26 Décembre 2014 , Rédigé par Frédéric Delorca Publié dans #Le quotidien

Des journalistes de la presse officielle française corrompus par le roi du Maroc, Mélenchon qui s'indigne à juste titre de l'accueil fait à Saakachvili au parlement européen, mais qui serait plus crédible pour le faire s'il prenait la peine d'apprendre l'orthographe du nom de cette tête brûlée géorgienne (au fait, face à Zemmour, Méluche a eu raison de défendre l'ouverture culturelle, mais pas l'ouverture des frontières, et surtout pas de soutenir que les Germains ne sont pour rien dans l'effondrement de l'empire romain).

 

Quelques amis corsaires m'encouragent à écrire pour leurs feuilles de choux sur Internet, sur le Proche Orient ou sur l'Ukraine. Je résiste à ces sollicitations, par manque de temps, d'énergie et de conviction.
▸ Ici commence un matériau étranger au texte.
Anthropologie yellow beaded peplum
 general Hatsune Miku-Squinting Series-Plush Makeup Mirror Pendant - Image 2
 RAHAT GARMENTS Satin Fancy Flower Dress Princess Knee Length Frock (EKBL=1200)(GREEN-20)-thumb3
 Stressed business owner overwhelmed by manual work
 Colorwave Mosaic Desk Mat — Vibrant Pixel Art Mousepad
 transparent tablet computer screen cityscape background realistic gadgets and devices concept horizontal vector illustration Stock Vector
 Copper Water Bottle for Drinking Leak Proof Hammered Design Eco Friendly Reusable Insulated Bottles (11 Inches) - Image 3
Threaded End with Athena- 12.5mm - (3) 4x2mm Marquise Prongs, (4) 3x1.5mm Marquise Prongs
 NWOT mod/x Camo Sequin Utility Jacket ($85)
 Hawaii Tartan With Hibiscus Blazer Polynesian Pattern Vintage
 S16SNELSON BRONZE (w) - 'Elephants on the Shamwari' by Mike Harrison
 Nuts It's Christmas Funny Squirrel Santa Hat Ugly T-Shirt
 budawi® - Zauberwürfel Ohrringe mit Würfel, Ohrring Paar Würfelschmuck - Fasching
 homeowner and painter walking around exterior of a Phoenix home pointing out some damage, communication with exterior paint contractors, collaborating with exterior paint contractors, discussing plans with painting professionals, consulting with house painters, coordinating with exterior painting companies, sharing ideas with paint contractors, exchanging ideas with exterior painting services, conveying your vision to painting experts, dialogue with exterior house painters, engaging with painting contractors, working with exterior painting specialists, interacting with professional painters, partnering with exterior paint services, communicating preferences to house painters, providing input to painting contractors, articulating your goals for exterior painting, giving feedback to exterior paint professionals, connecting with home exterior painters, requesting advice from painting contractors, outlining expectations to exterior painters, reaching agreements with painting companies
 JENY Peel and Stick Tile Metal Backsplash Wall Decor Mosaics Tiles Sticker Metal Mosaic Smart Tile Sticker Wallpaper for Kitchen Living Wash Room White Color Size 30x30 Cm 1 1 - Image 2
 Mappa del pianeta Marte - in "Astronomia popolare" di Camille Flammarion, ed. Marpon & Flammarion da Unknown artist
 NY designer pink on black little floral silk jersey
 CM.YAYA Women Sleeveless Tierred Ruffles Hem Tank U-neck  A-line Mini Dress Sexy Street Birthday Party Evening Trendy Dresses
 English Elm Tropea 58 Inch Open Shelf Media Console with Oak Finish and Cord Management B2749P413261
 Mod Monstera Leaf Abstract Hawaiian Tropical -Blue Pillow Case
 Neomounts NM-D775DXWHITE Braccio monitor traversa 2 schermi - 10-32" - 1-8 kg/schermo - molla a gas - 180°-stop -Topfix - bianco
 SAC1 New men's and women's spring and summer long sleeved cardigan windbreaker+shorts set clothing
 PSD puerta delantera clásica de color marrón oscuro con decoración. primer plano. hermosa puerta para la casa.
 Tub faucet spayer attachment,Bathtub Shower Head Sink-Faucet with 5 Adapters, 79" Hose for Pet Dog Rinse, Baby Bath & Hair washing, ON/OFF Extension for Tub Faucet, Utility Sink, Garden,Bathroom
De toute façon la presse alternative sur le Net est morte, j'approuve le papier ici de David Rovics sur ce thème.

 

Books ce mois-ci fait un très bon dossier sur Delphes et ses vapeurs sismiques (son pneuma), tout en intelligence et en nuances, sous la plume de Peter Green, excellent auteur par ailleurs d'un "D'Alexandre le Grand à Actium" dont je vous recommande la lecture.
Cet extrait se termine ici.